US sanctions 8 crypto wallets tied to Garantex, Houthis

The US Treasury Department sanctioned eight cryptocurrency wallet addresses linked to Russian crypto exchange Garantex and the Houthis.

The United States Office of Foreign Assets Control (OFAC) sanctioned eight crypto addresses that data from blockchain forensic firms Chainalysis and TRM Labs had linked to the organizations. Two are deposit addresses at major crypto platforms, while the other six are privately controlled.

Russia, Terrorism, Sanctions, Money Laundering

Visualization of transaction flow related to OFAC sanctions. Source: Chainalysis

The addresses in question reportedly moved nearly $1 billion worth of funds linked to sanctioned entities.
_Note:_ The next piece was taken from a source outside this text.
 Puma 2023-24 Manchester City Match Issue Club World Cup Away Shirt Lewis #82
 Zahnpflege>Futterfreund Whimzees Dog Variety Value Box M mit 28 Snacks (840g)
Most of the transactions funded Houthi operations in Yemen and the Red Sea region.

Slava Demchuk, a crypto-focused money laundering specialist and United Nations Office on Drugs and Crime consultant told Cointelegraph that “the inclusion of Houthi-linked wallets reflects a broader recognition of crypto’s role in geopolitical conflicts and terrorism financing.” He added:

“The implications are far-reaching — compliance frameworks must adapt swiftly, attribution efforts will intensify, and decentralized platforms may face increased scrutiny.“

Demchuk highlighted that the situation reshapes the regulatory landscape. According to him, crypto “is now firmly within the scope of international security.

Who are the Houthis?

The Houthis, also known as Ansar Allah, are a Yemeni political and armed movement that emerged from the Zaidi Shia community. Originating as a revivalist and reformist group, they later became a major force in Yemen’s ongoing conflict.

Related: US DOJ says it seized Hamas crypto meant to finance terrorism

In recent years, the Houthis have engaged in attacks against both military and civilian vessels in the Red Sea with missiles and drones. In January, US President Donald Trump designated the group as a foreign terrorist organization.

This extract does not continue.